|

Memaknai Isra' Mikraj Rasulullah Saw.


Oleh : Syamsul Bahri
****
Hampir setiap tahun ummat Islam di seluruh penjuru dunia memperingati sebuah peristiwa penting dalam sejarah Islam. Peristiwa itu adalah diperjalankannya Rasulullah Shallallahu ‘alaihi wasallam pada suatu malam dari Masjidil Haram yang terletak di Makkah, ke Masjidil Aqsa yang ada di Palestina.
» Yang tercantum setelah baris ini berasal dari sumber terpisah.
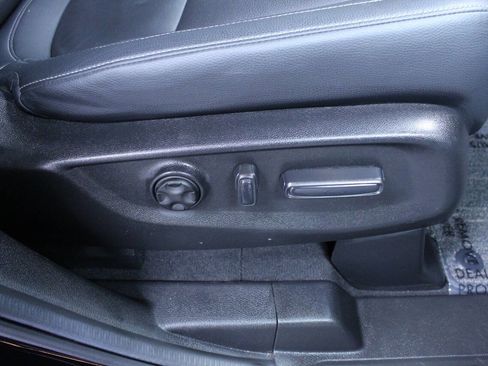 Used 2024 Honda Odyssey EX-L image 37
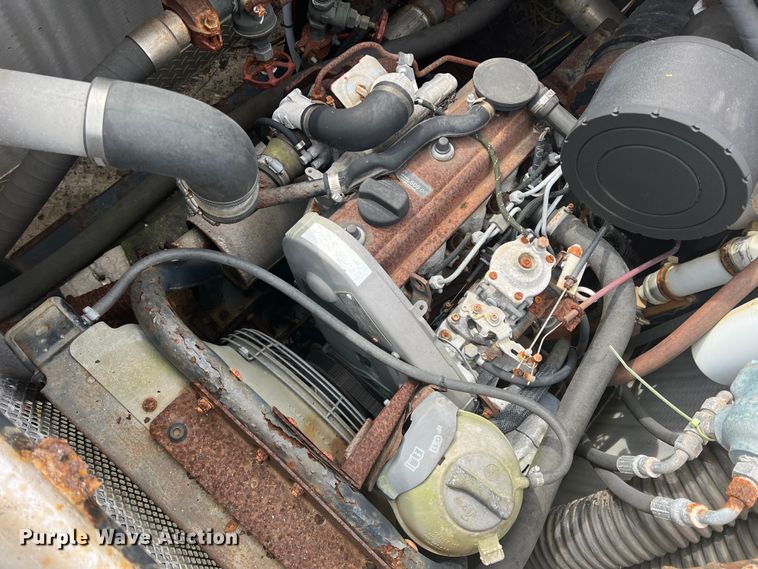 image for item DO8967 2000 Ford F550 Super Duty  brush fire truck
Persitiwa itu kita kenal dengan istilah Isra’. Tak lama Setelah itu, Rasulullah Shallallahu ‘alaihi wasallam kembali diperjalankan dari Masjid Al-Aqsa menuju langit yang tertinggi untuk menerima langsung perintah shalat lima waktu. Kemudian beliau dikembalikan ke tempat tinggalnya di Makkah pada malam itu juga. Perjalanan Beliau ini, kita kenal dengan istilah mikraj.  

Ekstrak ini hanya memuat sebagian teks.